Task to complete –
Search the records for "Silver" and copy each line that holds it.
Extracted data below:
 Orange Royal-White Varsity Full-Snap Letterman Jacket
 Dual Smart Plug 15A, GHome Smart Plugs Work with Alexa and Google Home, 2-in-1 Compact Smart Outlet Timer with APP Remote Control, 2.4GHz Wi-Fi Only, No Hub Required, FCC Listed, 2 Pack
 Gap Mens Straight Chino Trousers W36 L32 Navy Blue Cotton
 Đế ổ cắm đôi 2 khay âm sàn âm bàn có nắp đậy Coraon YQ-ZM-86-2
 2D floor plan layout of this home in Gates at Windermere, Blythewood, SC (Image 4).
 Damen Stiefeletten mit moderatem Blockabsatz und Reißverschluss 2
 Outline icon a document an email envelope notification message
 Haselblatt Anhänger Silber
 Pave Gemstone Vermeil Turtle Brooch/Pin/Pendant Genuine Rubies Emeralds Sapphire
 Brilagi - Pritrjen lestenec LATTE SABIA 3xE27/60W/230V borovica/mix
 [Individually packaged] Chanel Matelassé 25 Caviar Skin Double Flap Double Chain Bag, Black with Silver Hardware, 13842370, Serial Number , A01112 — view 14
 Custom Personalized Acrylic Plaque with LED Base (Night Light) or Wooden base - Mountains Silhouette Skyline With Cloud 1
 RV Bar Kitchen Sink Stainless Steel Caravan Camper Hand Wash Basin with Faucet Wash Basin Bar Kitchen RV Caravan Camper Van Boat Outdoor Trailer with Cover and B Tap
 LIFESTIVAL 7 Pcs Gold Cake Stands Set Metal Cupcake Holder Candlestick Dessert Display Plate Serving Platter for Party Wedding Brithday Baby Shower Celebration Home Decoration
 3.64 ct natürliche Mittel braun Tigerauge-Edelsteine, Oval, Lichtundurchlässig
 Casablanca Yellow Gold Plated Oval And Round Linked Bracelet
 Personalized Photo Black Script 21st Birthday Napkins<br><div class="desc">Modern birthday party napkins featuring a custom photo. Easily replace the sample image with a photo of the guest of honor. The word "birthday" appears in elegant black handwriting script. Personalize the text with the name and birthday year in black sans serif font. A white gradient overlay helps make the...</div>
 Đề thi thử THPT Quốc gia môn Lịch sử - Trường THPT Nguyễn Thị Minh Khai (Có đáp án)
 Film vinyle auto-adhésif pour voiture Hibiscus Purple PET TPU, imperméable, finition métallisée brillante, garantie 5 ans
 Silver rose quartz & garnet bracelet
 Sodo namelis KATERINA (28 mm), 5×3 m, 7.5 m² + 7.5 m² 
End of Extracted data.
Solution to the exercise –
 [Individually packaged] Chanel Matelassé 25 Caviar Skin Double Flap Double Chain Bag, Black with Silver Hardware, 13842370, Serial Number , A01112 — view 14
 Silver rose quartz & garnet bracelet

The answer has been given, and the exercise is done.